During execution, I have noticed that the CPU time is taken for 85% by the user and for 15% by the system. I suspect this is due to Moving threads between cores, i.e. thread switching. Because of this, scaling from 16 to 32 threads does not -- generally -- improve performance. CPU times level to the 16 threads even when executing a 32 threads code of mine. Only in 5% of the experiments performed, it occurred mysteriously, that the system CPU % dropped to 0% and the performance swelled to almost linear figures.
Therefore, I have been suggested to use the syntax
KMP_AFFINITY=proclist=[0-15],explicit
to modify the environment variable so to lock a core for each CPU. Unfortunately, this is an Intel processors syntax. While I am using an Opteron.

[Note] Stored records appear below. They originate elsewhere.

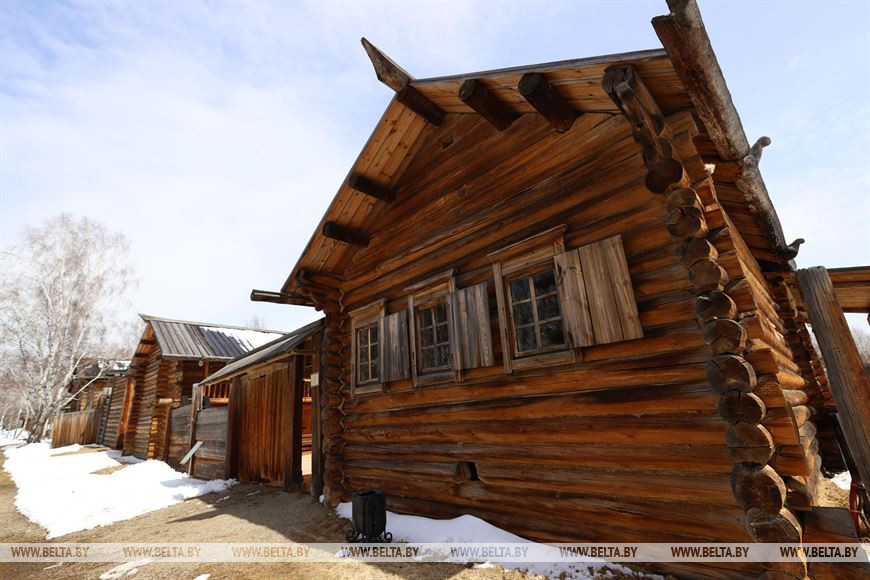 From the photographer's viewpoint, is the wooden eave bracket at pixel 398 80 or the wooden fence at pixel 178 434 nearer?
the wooden eave bracket at pixel 398 80

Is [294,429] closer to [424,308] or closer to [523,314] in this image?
[424,308]

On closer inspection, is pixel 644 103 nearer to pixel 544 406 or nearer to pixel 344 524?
pixel 544 406

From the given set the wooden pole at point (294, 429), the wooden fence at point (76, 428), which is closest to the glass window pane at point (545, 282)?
the wooden pole at point (294, 429)

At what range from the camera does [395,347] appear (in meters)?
6.75

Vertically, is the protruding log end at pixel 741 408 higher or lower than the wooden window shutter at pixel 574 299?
lower

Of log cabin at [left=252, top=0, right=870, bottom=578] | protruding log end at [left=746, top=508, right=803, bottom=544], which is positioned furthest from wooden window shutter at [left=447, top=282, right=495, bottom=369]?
protruding log end at [left=746, top=508, right=803, bottom=544]

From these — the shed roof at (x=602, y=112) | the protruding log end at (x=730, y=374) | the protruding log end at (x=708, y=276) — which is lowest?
the protruding log end at (x=730, y=374)

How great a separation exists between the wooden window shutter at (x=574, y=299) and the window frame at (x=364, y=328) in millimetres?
3570

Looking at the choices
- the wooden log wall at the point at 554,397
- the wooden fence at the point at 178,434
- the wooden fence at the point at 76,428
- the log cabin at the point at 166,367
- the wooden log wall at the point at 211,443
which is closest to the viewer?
the wooden log wall at the point at 554,397

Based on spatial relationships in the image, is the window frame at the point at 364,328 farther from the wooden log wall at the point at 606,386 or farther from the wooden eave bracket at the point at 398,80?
the wooden eave bracket at the point at 398,80

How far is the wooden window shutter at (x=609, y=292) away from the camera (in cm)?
404

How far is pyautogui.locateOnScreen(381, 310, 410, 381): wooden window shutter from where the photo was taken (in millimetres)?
6578

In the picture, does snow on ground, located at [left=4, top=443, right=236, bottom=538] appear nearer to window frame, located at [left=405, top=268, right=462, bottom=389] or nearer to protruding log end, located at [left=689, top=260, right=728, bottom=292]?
window frame, located at [left=405, top=268, right=462, bottom=389]

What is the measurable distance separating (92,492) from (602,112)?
48.6ft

Therefore, my question is: which is the equivalent syntax for Opteron based systems ?
Finally, does anyone have an explanation for the mystery I depicted above: i.e. several runs of the same code in which in a few cases on the same cluster node performance is much better than in the rest of the cases. A few cases in which user's CPU time is near 100% while system time goes to 0%.
Ideally, this would be the kind of execution pursued in view of an higher scalability.